Mohcine Belabbas : «Le problème n’est pas dans la déchéance physique du chef de l’Etat»
Par Hani Abdi – Le président du RCD, Mohcine Belabbas, estime que la destitution du président de la République ne suffit pas pour surmonter la crise. Intervenant à l’ouverture de l’université d’été de son parti à Aokas, M. Belabbas clarifie davantage la position du RCD sur les appels à l’application de l’article 102 de la Constitution pour destituer le président Bouteflika.

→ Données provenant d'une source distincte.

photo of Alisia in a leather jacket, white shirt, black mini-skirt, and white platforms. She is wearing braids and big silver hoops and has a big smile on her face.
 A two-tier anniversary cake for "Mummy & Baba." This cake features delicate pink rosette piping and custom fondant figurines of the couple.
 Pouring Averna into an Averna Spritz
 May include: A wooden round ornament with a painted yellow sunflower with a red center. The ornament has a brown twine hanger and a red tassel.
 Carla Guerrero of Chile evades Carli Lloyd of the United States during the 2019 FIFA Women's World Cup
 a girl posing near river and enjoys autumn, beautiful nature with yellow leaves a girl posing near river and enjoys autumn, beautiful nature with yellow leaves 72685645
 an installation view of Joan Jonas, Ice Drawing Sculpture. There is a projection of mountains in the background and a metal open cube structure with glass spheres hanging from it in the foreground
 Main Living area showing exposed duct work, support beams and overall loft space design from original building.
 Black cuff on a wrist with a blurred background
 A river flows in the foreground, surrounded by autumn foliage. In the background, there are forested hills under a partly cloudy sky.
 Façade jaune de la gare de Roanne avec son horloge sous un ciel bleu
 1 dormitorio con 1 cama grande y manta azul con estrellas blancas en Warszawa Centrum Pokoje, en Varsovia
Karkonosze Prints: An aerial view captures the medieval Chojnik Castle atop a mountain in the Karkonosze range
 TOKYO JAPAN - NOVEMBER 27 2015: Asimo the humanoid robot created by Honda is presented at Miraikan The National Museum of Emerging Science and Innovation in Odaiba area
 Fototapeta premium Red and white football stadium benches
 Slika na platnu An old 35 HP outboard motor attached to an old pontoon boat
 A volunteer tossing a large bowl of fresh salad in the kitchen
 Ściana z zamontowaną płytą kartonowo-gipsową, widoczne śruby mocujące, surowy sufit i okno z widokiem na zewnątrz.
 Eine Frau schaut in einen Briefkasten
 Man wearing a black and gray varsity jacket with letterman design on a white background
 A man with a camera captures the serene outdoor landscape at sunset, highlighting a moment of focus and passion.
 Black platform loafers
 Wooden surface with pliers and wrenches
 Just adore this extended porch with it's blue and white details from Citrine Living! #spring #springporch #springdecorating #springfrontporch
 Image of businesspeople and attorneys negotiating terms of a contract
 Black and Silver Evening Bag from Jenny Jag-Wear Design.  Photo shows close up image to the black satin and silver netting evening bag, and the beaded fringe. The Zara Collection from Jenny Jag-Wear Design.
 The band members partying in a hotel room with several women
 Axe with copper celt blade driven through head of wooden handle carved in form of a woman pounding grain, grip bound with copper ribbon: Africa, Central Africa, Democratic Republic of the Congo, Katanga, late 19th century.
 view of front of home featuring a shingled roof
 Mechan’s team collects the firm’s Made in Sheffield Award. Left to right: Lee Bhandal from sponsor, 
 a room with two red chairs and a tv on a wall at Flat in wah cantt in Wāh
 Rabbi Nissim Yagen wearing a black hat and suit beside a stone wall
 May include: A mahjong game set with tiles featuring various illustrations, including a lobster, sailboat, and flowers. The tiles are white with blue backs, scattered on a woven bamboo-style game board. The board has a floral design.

«Non, le problème n’est pas seulement dans le feuilleton de l’interminable déchéance physique du chef de l’Etat. Ce n’est pas non plus un problème conjoncturel de vacance de pouvoir qu’il faudra combler», affirme M. Belabbas, assurant qu’il s’agit plutôt d’«un problème structurel dans le processus de décisions à tous les niveaux, de mécanismes de représentations sociales et politiques des citoyens, de légitimité démocratique des institutions, de refondation des dispositifs de médiation politique et d’alternance transparente au pouvoir, et qui ont fini par conduire à un déficit de vie politique et à un désintérêt des citoyens de la chose publique».
Considérant que, plus que jamais, la construction institutionnelle et administrative doit être repensée dans son ensemble, le président du RCD ne voit pas de solutions sans un changement total de système politique. «Ces derniers jours, on assiste sur fond d’une cacophonie dans les plus hautes sphères de l’Etat à une relance médiatique de l’application de l’article 102 de la nouvelle Constitution, une disposition légale qui peut permettre au Conseil constitutionnel d’initier un processus d’empêchement du chef de l’Etat. C’est l’équivalent de l’article 88 de l’ancienne Constitution. A propos de la santé du chef de l’Etat, lors de mon allocution d’ouverture au conseil national de décembre 2012, j’avais indiqué que son état de santé, qui n’est pas pour l’excuser, le rend incapable de gouverner, et sa destitution, en vertu de l’article 88 de la Constitution, est une urgence si on veut freiner la précipitation et l’aggravation de la crise institutionnelle et politique.» «On y est en plein !», souligne le président du RCD, pour lequel «si destitution il y a, elle doit s’accompagner d’une mise à plat du système électoral, faute de quoi, nous aurons un nouveau parrain désigné par les mêmes marionnettistes». Il assure que cette mesure ne peut pas être suffisante.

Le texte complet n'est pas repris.